I'm very sorry that this has happened to you. If you know this breeders name you should ring the kennel club for advice.       I hame been in the dog show game for 13 years and have only ever had 7 litters and I myself use epupz to advertise puppies and have never let a puppy leave my home till i have met the new owners when the pups are four weeks old and a puppy never leaves my home till they are ten weeks old. As yet i have never had problems with new owners and i keep in contact with all of them. I would never send a puppy to anyone who could not come to my home. I do agree that there are some awful puppy farms out there which we all want to shut down, but please don't tar all breeders with the same brush!!!!!


----------



## camommyof3

Ugh, I'm sorry this happenned to you.  It sounds like it was a scam from the start.  I hope you get your money back and the crooks don't do this to anyone else.


----------



## Couture_Girl

aww, sweetie, i hope you get your money back

hugs!


----------



## bvbirdygirl

im sure it will all work out! you will find a puppy soon!


----------



## dixie806840

*You are not the only one, but luckily i realised it was a nigerian scam before i moneygrammed the money. This dog was meant to be from a breeder in Newcastle called belise_pets@yahoo.com which doesent exist expect in some nigerian persons sick head. I was meant to be buying a 10wk old boxer pup, he wanted me to send money in the morning by moneygram, get the dog delivered by a firm called APECS by 4 oclock and pay the rest the nest day, something didnt ring true in my head so i did some investigating, could only get through to this company and person by mobile, the address of the carrier did not exist, we phoned and when questioned thoroughly the guy hung up. I have reported this scam to The fraud squad, who have in turn informed Interpol as these people are at it up and down the country seeminly picking the most popular kind of dog and playing with your heart strings to do it. I already went out and bought everything i needed for this phantom pup and feel so angry. So do not reply to this so called breeder meant to be situated in Newcastle, gave a false address BELISE PETS DO NOT UNDER ANY CIRCUMSTANCES CONTACT THIS IDIOT. I HOPE HE GETS WHAT IS COMING FROM THE POLICE AND INTERPOL, THEY KNOW EXACTLY WHERE YOU ARE!!!!!!*


----------



## stog10

Hello, i am in the middle of talking to a chap in scotland about a yorkie he has for sale, your situation sounds strangely simular to the emails i have been getting, i have told the site where he is advertising on about this and have just checked it for a link to post here and has now been taken off but he is advertising everywhere and needs to be stopped, i dread to think how many poor people have paid him cash, so how do we persue this ??here is his las email....
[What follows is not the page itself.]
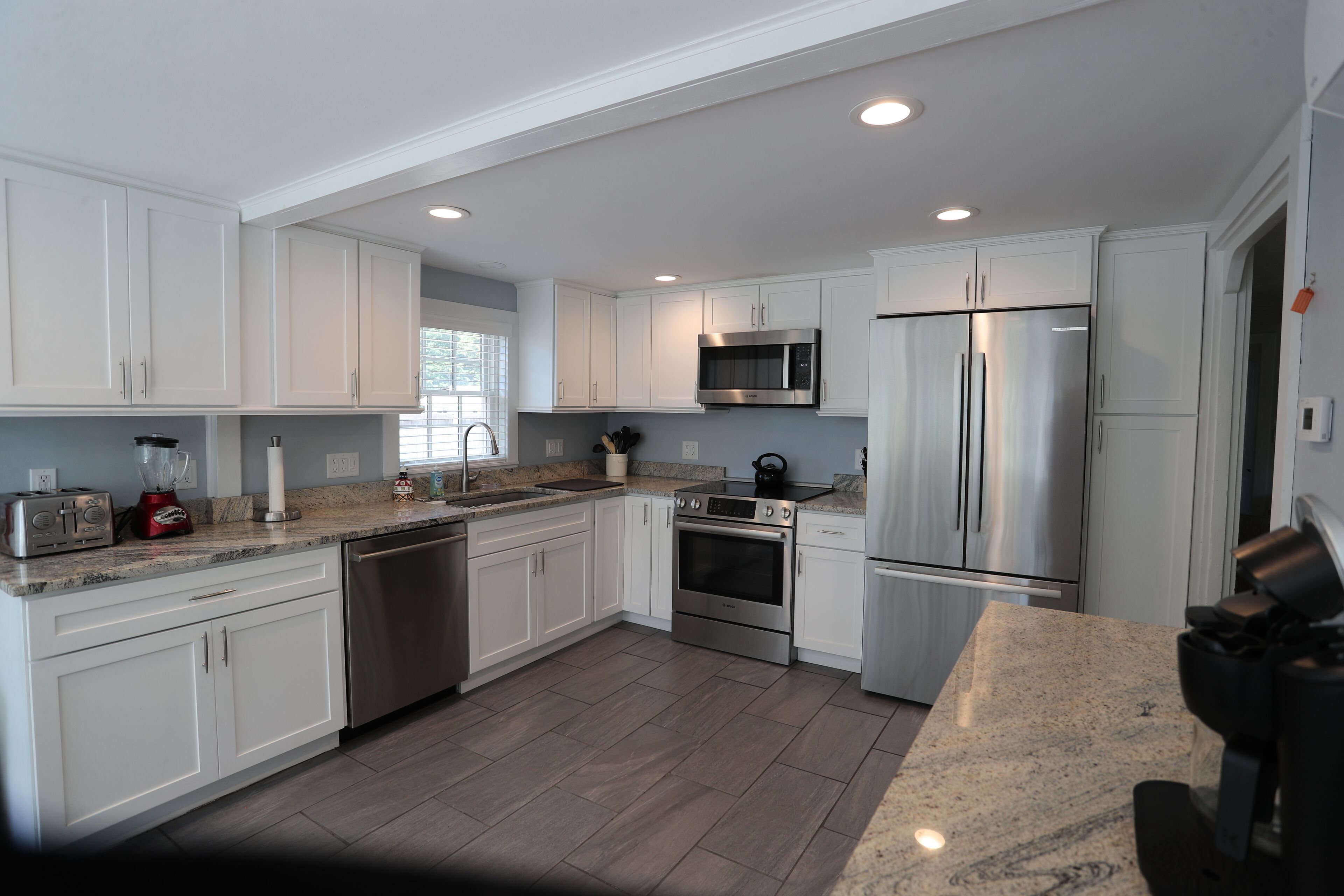 A modern kitchen with white cabinets, stainless steel appliances, granite countertops, and a dishwasher.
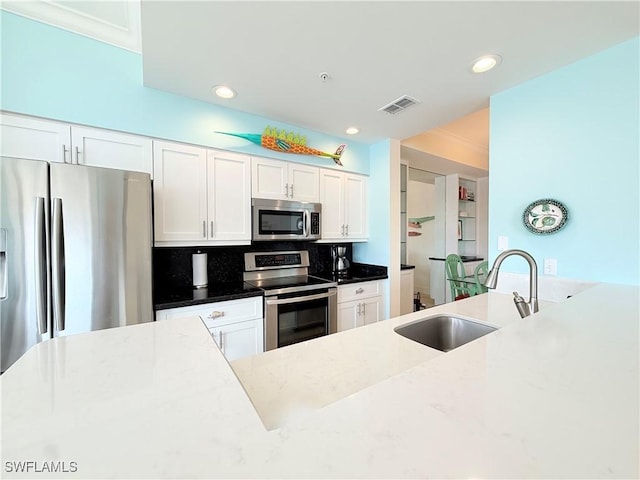 kitchen featuring a sink, white cabinetry, visible vents, appliances with stainless steel finishes, and tasteful backsplash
hi there thanks for getting back i am very happy to have found someone that is ready to offer the love and care my puppies deserve.i will need the following information from you to book the flight ticket of the puppy over to  your home.your full  names,house/street address,city/state/zip code/phone number,the address of the airport closer to your location

the puppy will be brought right to your home by the airport delivery agent  and you will collect the pupy from them and sign a form that shows that you are the rightfull owner of the puppy now.

as for the payment i can't really access my bank card now so i prefer you do a money transfer via a more reliable and fast means  so that we can proceed with the transportation today .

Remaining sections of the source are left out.